I am using metron framework to build an application. We have to work on real-time data. We are writing data to ES and HDFS. We are facing difficulty when data goes through indexing and its acknowledge count reaches 10000000 mark. This happens every time it reaches this mark.
PFB the indexing configurations,
# workers: 1
# executors : 5
# tasks : 5
replication count : 1
assigned memory : 4160
My question is, Is this happening because of any default limit defined? If yes, can we change that limit to infinity?
Also, does this have any relation to the memory assigned?
Can anyone please help me on this?
The short answer is, no there is no related setting to limit the indexing topology to any number.
I think you have to find the cause somewhere else:
-Check the size of the source Kafka topic (indexing)
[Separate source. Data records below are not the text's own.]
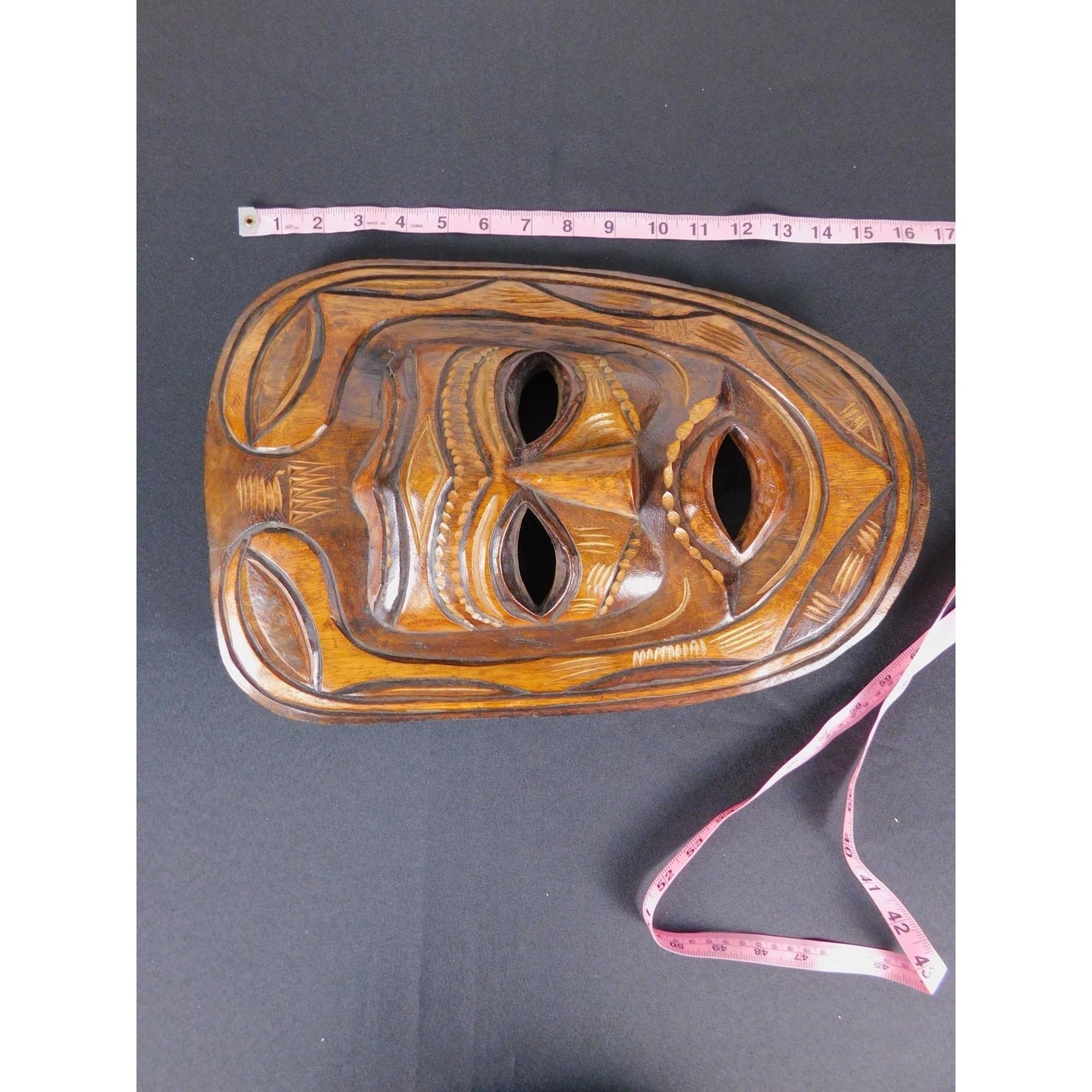 Hand Carved Wooden Tribal Wall Mask 16" Rustic Boho Witchcore Decor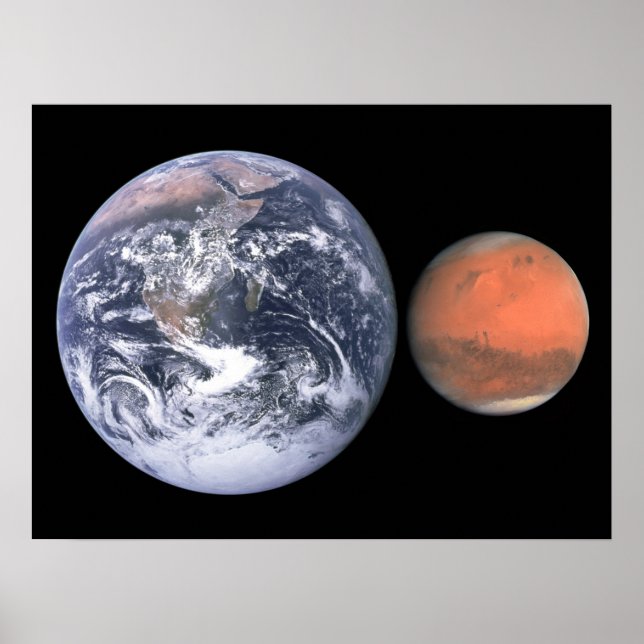 Poster Comparação do Tamanho da Terra e Marte Espaço (Frente)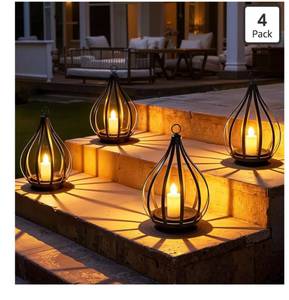 lot 5661 image: Solar Lanterns, Candle Solar Lanterns Outdoor Waterproof Gift for Women Hanging Lights
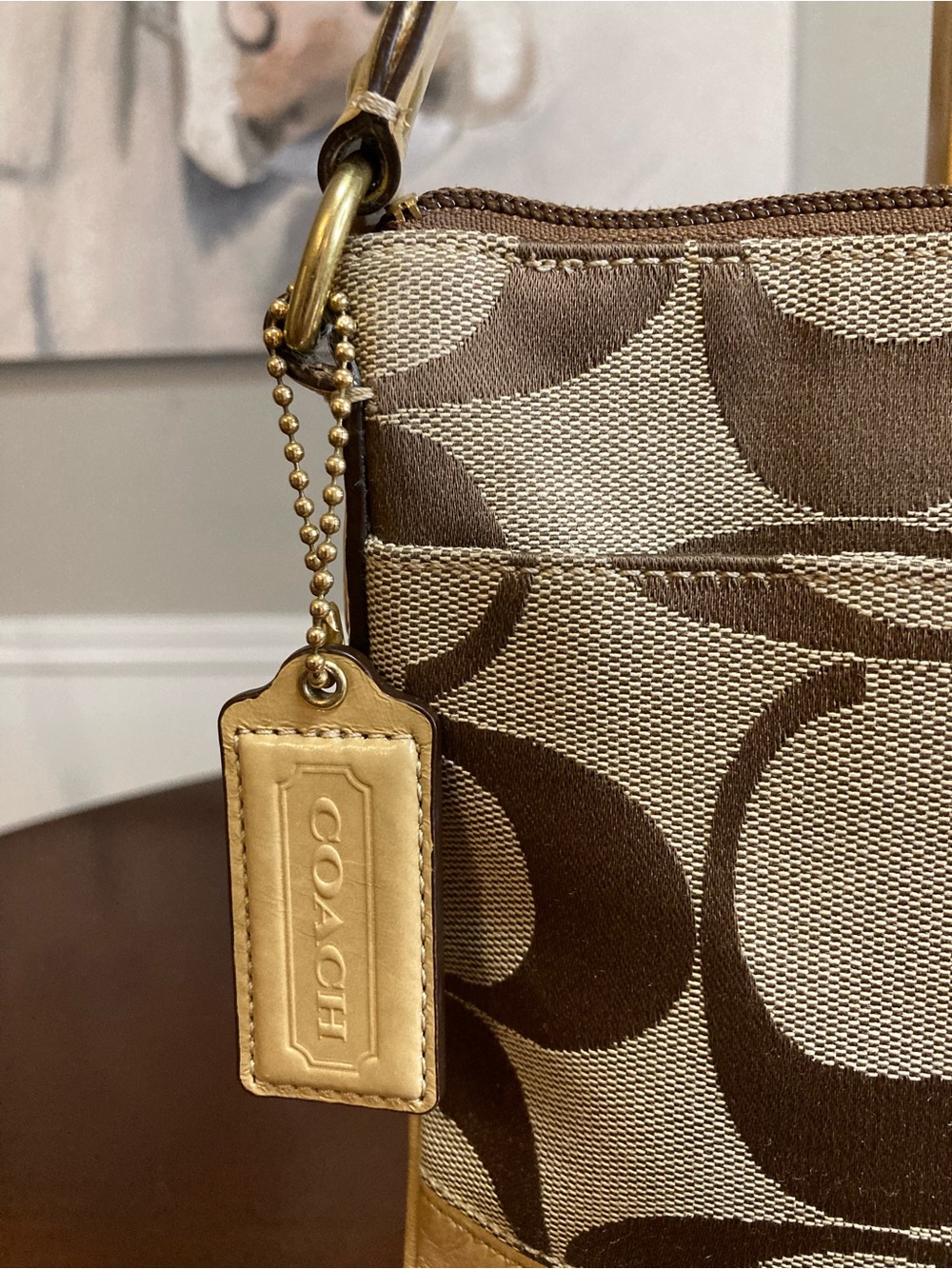 Coach Vintage Signature Jacquard Swing Pack Crossbody Bag-Yellow/Tan Tag Charm - Picture 4 of 16
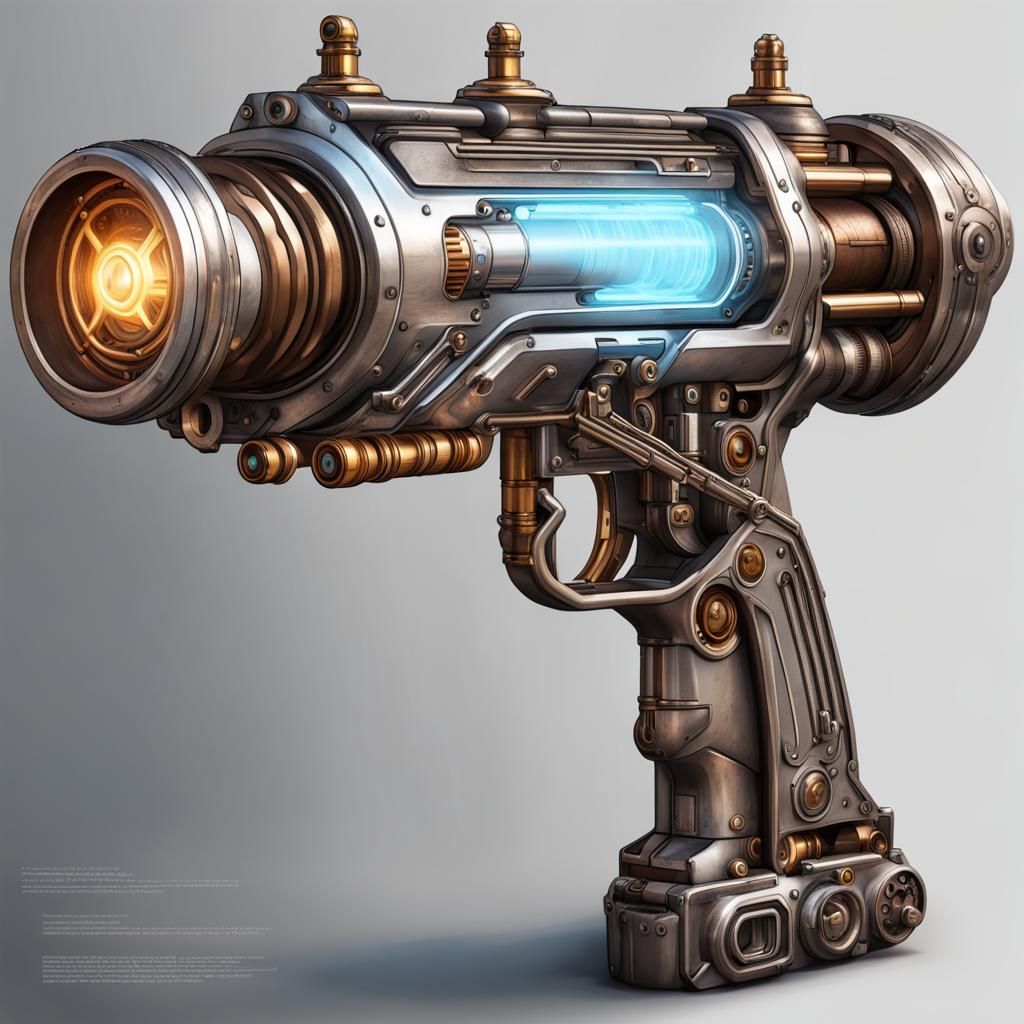 Futuristic Steampunk Plasma Rifle with Glowing Power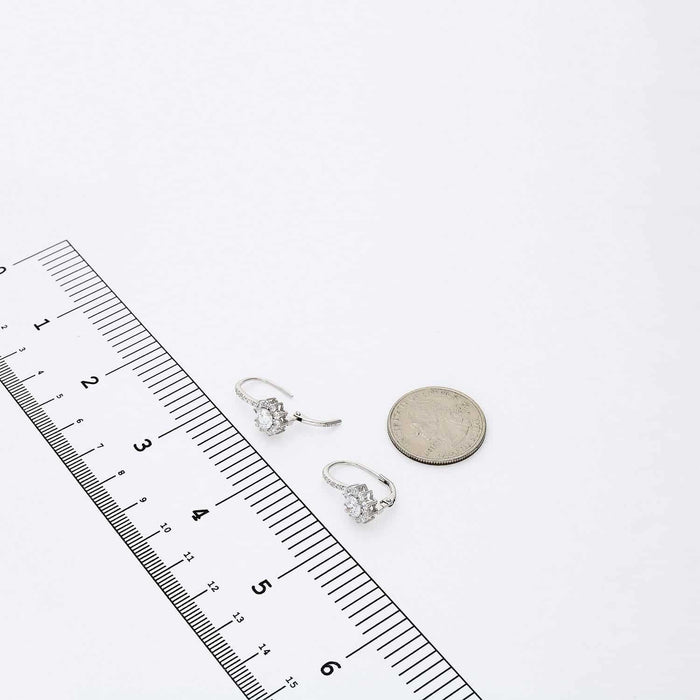 2.65Ct Round CZ French Clip Flower Earrings 925 Sterling Silver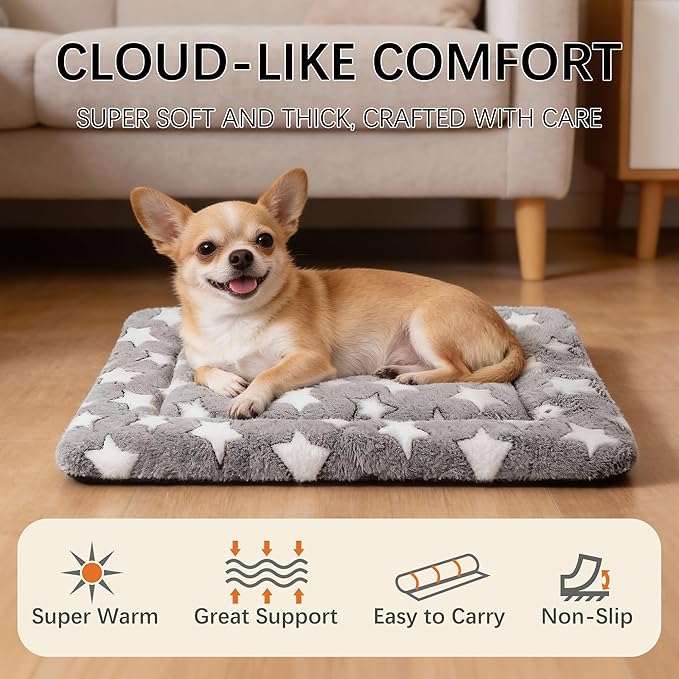 Fogkiss Dog Bed Mat, Reversible Crate Pad & Cute Dog Bed - Machine Washable Kennel Mat with Ultra Soft for Small Dogs (Cool/Warm), 24" x 18", Grey&Star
-Check the setting for 'first poll offset strategy' for the indexing topology (is it starting from the beginning each time with EARLIEST ?)
-Check the indexing configuration on Zookeeper
-Are there any files on the HDFS indexing location, how many records were written there?
It could be that the setting at Ambari > Metron > Indexing > "Indexing Max Pending" would limit indexing output. Is that one set to 10.000.000 by any chance?
This setting limits the total number of in-flight tuples (read/consumed from Kafka input topic but not acked yet) for the topology. In this case, the tuples are not acked for 1 or both outputs (HDFS / ES) and thus not marked as 'no longer in-flight'.